Started walking, a little cloudy. Had a sweet pastry. The way went up a rocky hill, beside a military base, snares of barbed wire. I caught up and walked with A. He was wondering why people binge drink. We had a sandwich in the doorway of an abandoned shed, picnic style, his ‘best lunch’ yet. We walked into town. I showered and read, went for a walk. Ate potato chips and a pear on a bench before the cathedral and thought, I am free. A teacher came and sat beside me, I had fun practicing my Spanish, but some of the young people came by and I couldn’t leave him. We had a sandwich and he showed me the supermarket. I can see openness just at my fingertips like the opening of the sea, a flower of foam, petals.
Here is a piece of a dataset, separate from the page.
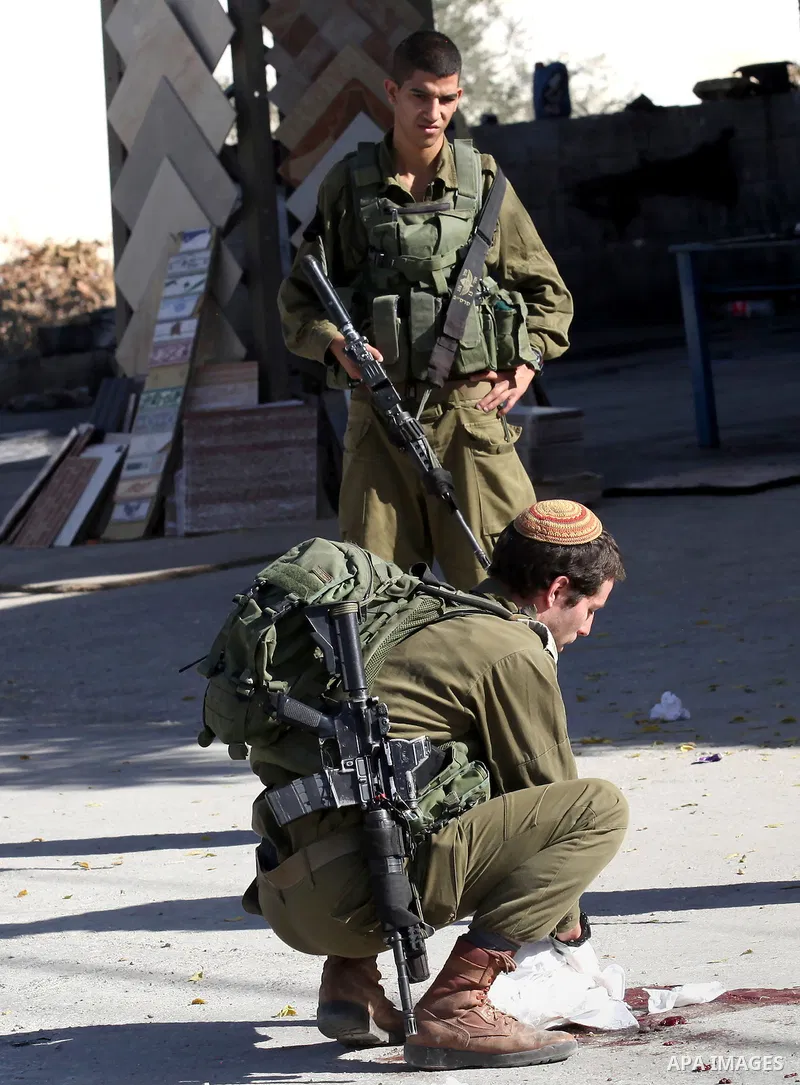Israeli security forces search the scene where the Israeli military said a Palestinian stabbed a soldier with screwdriver before he was shot, in the West Bank village of Hawara near Nablus, November 9, 2016. Photo by Ned...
Bus to Madrid. Sunny and warm when I arrived. Spent several hours in McDonalds, made for bus station, bought ticket. I felt like nothing would ever come to any good. We’d never agree, no good, flesh of stone.

*

Something about stories. A story is like a railroad, one set of rails from beginning to end-the written words, one after another, page after page. A story has strand upon strand if it is a rope.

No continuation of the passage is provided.